THE PROBLEM —
Starting with the line that contains "Unruly Pullover Hoodie Jogger Suit - Sand", copy every line through the end of the data below, exactly and with nothing added.

━━━ SUPPLIED ENTRIES

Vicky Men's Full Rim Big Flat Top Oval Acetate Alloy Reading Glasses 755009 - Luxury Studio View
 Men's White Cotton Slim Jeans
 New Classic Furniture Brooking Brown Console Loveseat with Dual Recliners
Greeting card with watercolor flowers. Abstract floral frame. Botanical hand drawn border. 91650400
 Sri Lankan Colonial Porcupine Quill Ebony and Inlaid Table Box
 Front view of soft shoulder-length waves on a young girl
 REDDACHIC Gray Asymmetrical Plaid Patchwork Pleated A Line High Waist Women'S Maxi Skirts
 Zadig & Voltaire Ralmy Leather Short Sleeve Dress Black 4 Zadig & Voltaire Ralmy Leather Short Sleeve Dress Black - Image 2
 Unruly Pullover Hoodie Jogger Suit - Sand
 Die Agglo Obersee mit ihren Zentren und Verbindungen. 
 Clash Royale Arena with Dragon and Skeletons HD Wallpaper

━━━━━━

WRITTEN SOLUTION —
 Unruly Pullover Hoodie Jogger Suit - Sand
 Die Agglo Obersee mit ihren Zentren und Verbindungen. 
 Clash Royale Arena with Dragon and Skeletons HD Wallpaper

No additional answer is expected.